Конечно, я посмеялся в ответ и сказал, что не стану драться со слабаком. Он ужасно разозлился и сказал, что все люди, пришедшие со звезд, во много раз сильнее, чем мы, кунфы.
— Он имел в виду другую силу, — пояснил Валерий. Ситуация начала немного проясняться.
— Но я-то говорил о его собственном вызове! — возмутился кунф. — Птицеголовые всегда имели другую силу, но они никогда не говорили слова вызова.
— Конечно, — согласился Седов. Кажется, к первой и основной ошибке, а потом к преступлению Темероха привела безобидная попытка пообщаться на языке аборигенов. Можно сказать, что во всем были виноваты недобросовестные составители учебников. Денебианцам и в голову не приходило говорить на куми. — Так что же ты ответил коротышке?
— Он настаивал, и тогда, — Бван виновато посмотрел на президента, — я сказал, что он должен драться с сархом.
— Почему? — прервал Валерий. Разница между двумя народами и религиями по-прежнему оставалась не слишком ясной.
— Вера сархов говорит, — неохотно объяснил Лунтфи, — что все, пришедшие с неба, сильнее, чем люди Кунмпфа. Я не мог отказаться от драки, не отрекаясь от собственной веры. Но все равно я оказался прав! — президент говорил о том, что волновало его. — Наша вера говорит, что с пришельцами надо говорить только на их языке.
— И что же? — поторопил Седов. Голова после водки жутко разболелась, мешая сосредоточиться, но речь сейчас шла о самом важном.
— Но проклятый коротышка упорно говорил только на куми. И повторял слова вызова. А когда я принял вызов, он сначала отказался драться, а потом попытался обмануть. Он прятал оружие!
— И вы? — понимающе спросил Валерий.
— И мы отобрали оружие и посмеялись над ним. И тогда… — сарх печально покачал головой.
— Что? — жадно спросил Седов.
— Он привел остальных чужаков. И говорил на языке, который мы не понимали. И чужаки повторили слова вызова, а кунфы в городе начали повторять вызов и хоа-джи, как это обычно бывает. Ну, ты видел, — Лунтфи замолчал.
— А что потом? — дальнейшие объяснения дипломату казались излишними, но хотелось, чтобы в записи они прозвучали до конца.
— Это все, — сказал президент. — Человек с Земли принял вызов, он дрался честно, но упал и умер. Я не хотел его убивать. Но так получилось. Площадь потребовала хоа-джи, но так как больше никто из чужаков драться не хотел, они покинули планету. Таков закон, но это очень плохо. Наша планета бедная, здесь почти нет металлов — мы получали их только от птицеголовых. Не знаю, что будет с Кунмпфом теперь.

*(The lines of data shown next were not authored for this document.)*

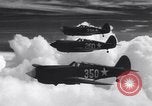 Standbild US Army Curtis P-40C Flugzeuge Hawaii USA, 1941, aus Sekunde 9 historischem Filmmaterial Videoclip 65675039372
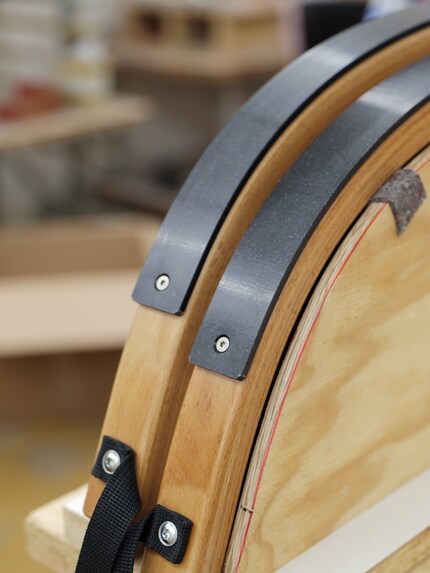 Sexy runners: Thanks to the dovetail joint, two screws per side are enough to fasten them securely.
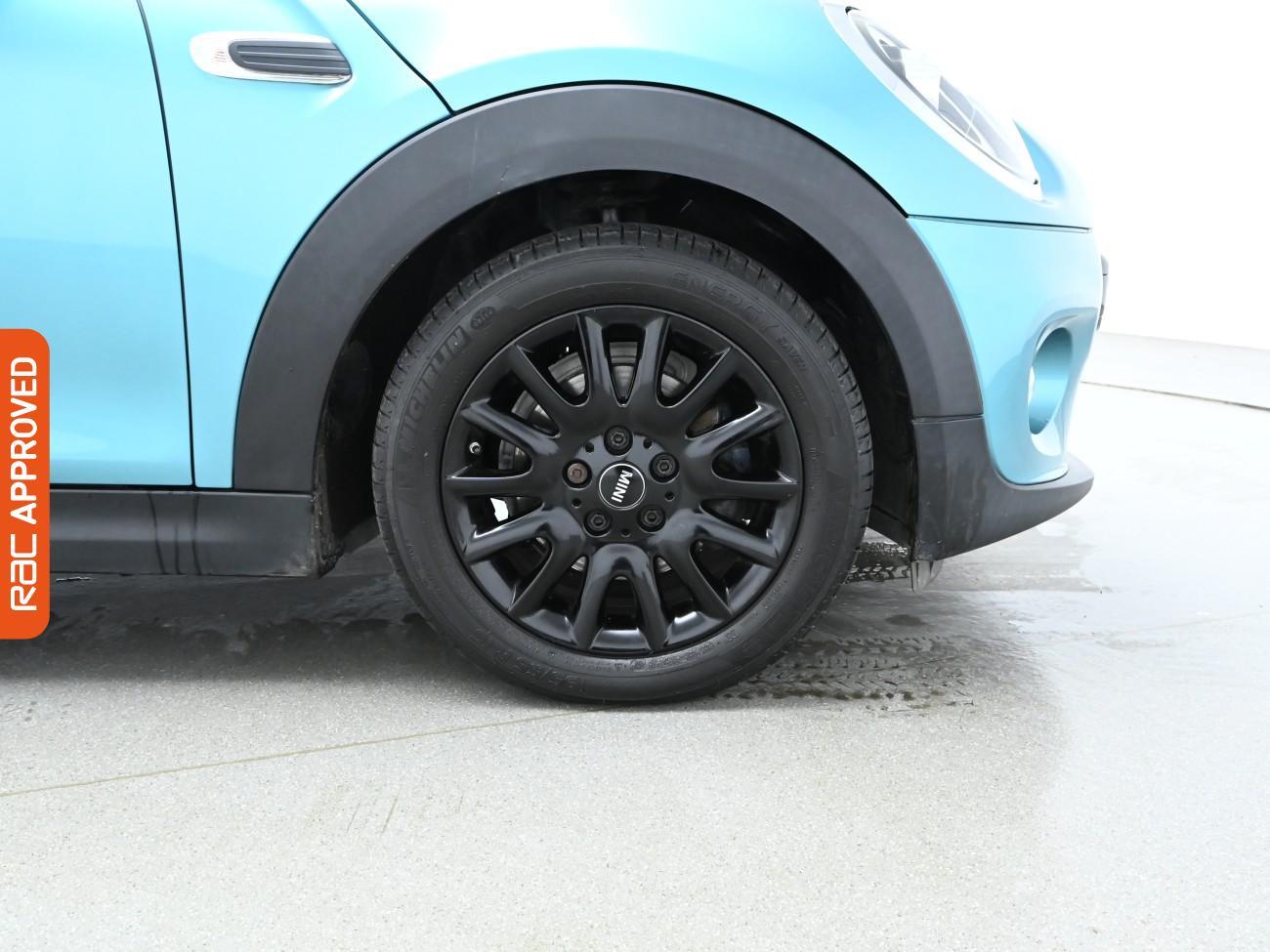 Used MINI Convertible 2019 for sale - 76405902: Photo 28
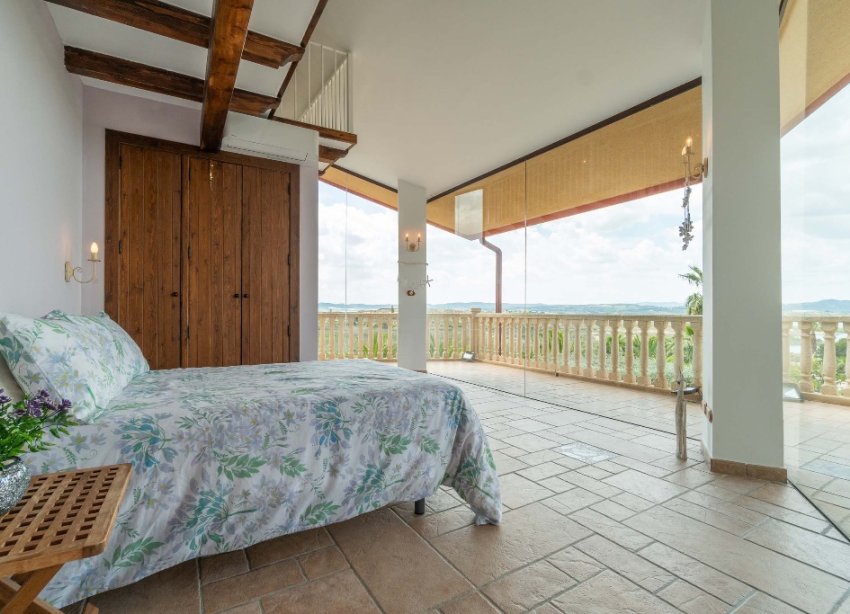 Resale - Villa - Costa Blanca - Orihuela Costa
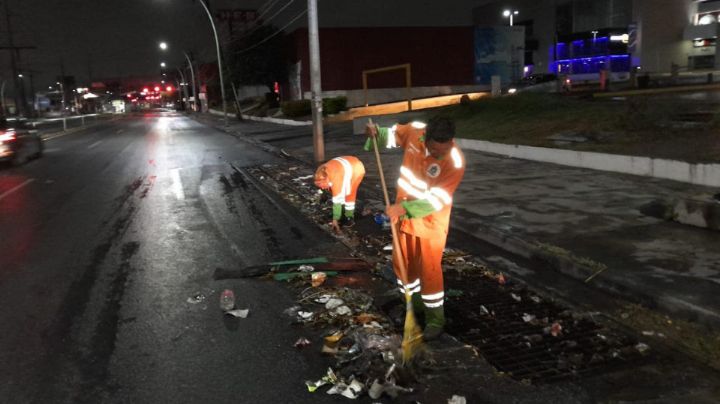 Recolectan 105 toneladas de basura en Monterrey en operativo por lluvias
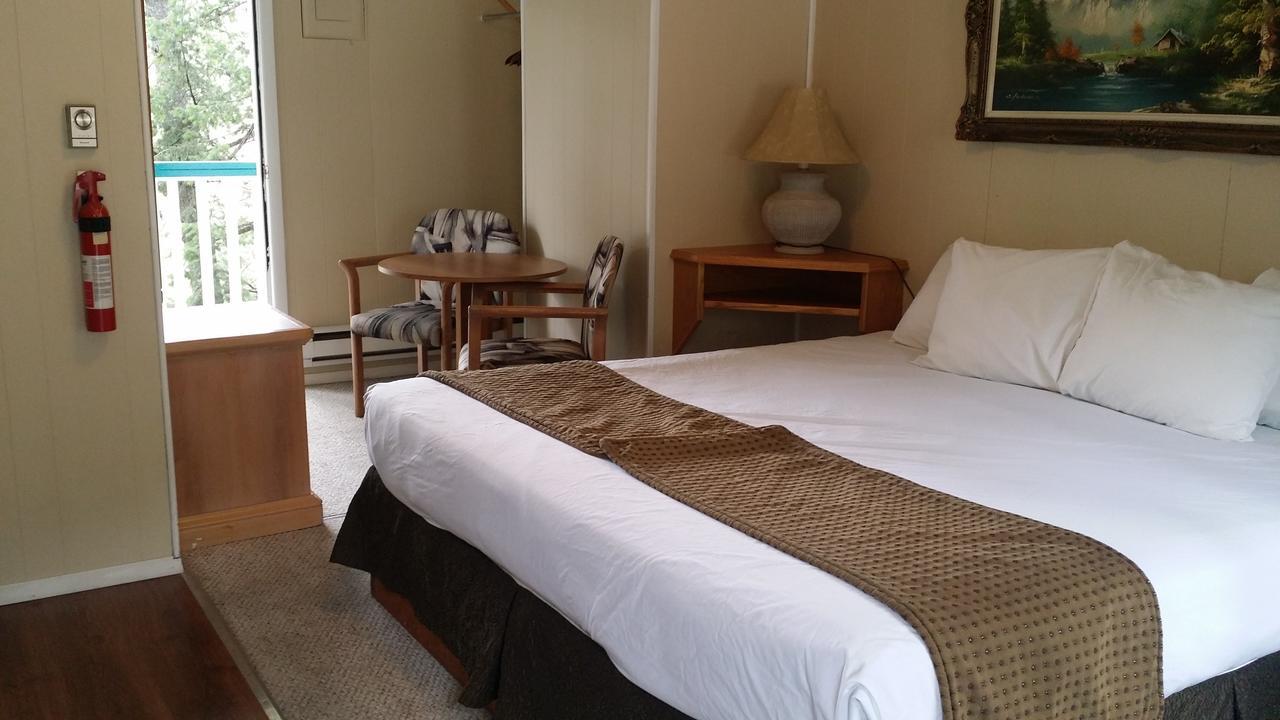 Appletree Inn Radium Hot Springs Buitenkant foto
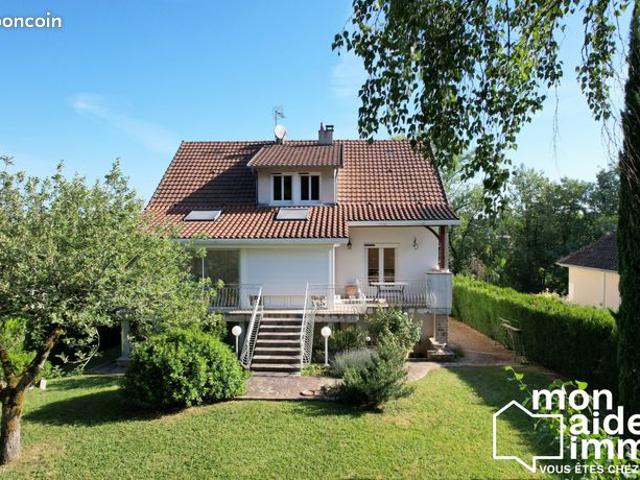 Maison 6 pièces 210 m²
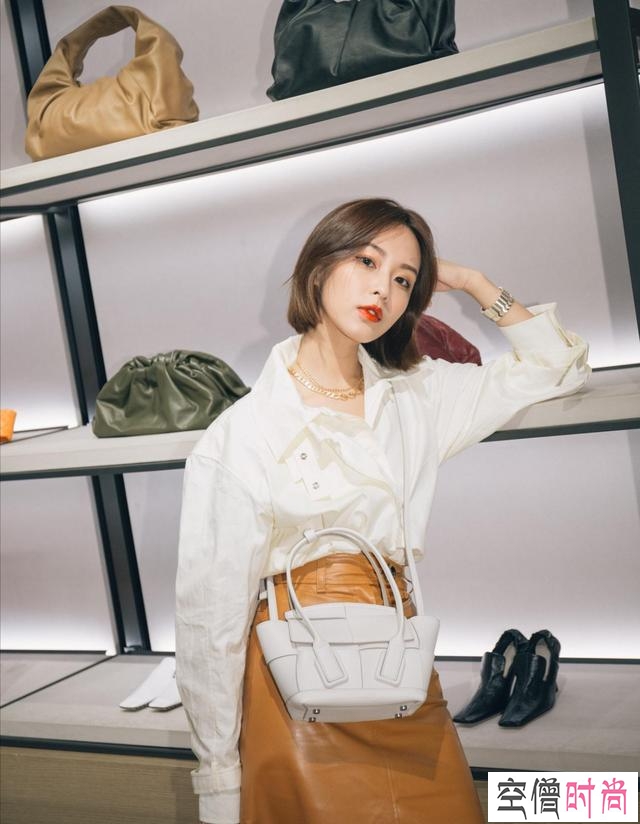 时尚又舒适的穿搭，搞定日常造型很容易，好看又显气质
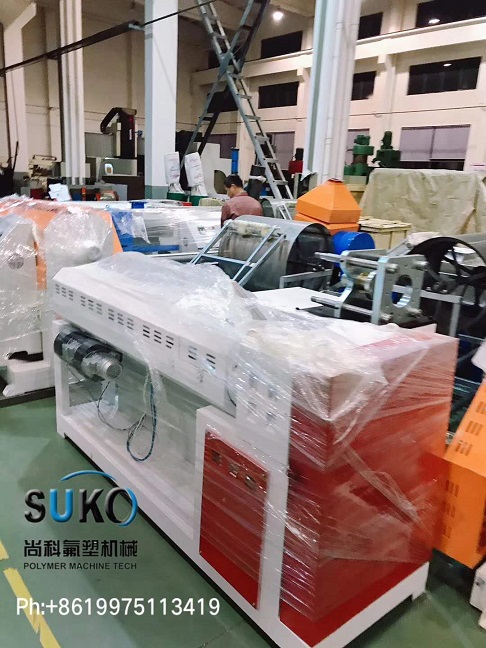 熔噴機成套設備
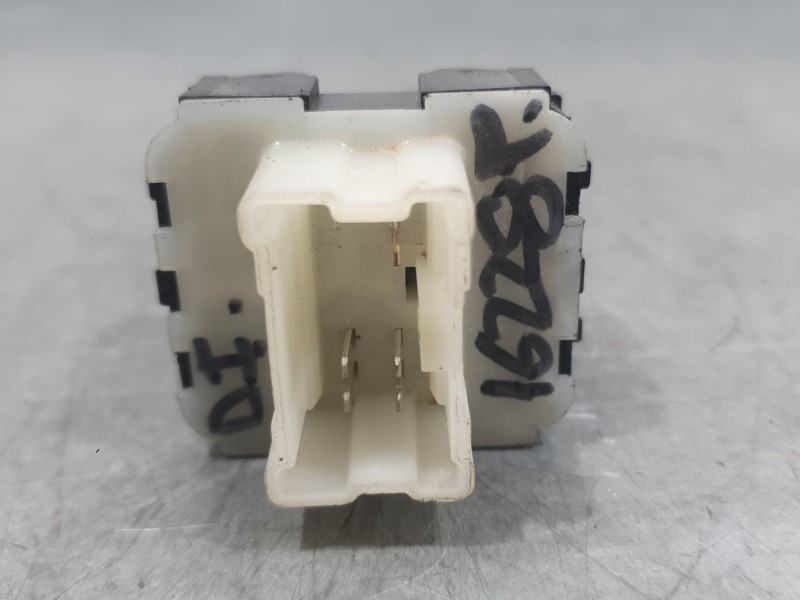 Recambio de mando elevalunas delantero izquierdo para dacia sandero stepway essential referencia OEM IAM 254112588R DELANTERO C/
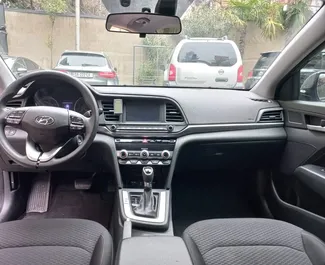 Frontansicht eines Mietwagens Hyundai Elantra am Flughafen Tiflis, Georgien ✓ Auto Nr.12222. ✓ Automatisch TM ✓ 0 Bewertungen.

— «Ну, конечно, — понял Валерий, — потому Темерох и требовал изоляции, чтобы обречь кунфов на гибель. Хотел отомстить за пережитое унижение, за собственную физическую слабость. А ведь беда совсем в другом — отчего вдруг он заговорил на куми»?
Неожиданная мысль показалась совершенно нелепой, но она не давала покоя, и Седов, не обращая внимания на собеседников, которые, обнаружив в медотсеке склянку с чистым спиртом, продолжали развлекаться сами, отыскал в дипломатическом архиве файлы с личными данными слайса. Есть. Он быстро прогнал текст до нужного места. Языки. Не может быть!
Валерий перечитал еще раз: так, родной язык — фохси, галактические — веганский, шахси, куми! Слайс не владел денебианским! Собираясь работать на Кунмпфе, недобросовестный исследователь предпочел выучить примитивный язык аборигенов, так как не мог или не успевал освоить сложнейшие формы языка кураторов! Того самого языка, который отлично усвоили «дикари — кунфы»!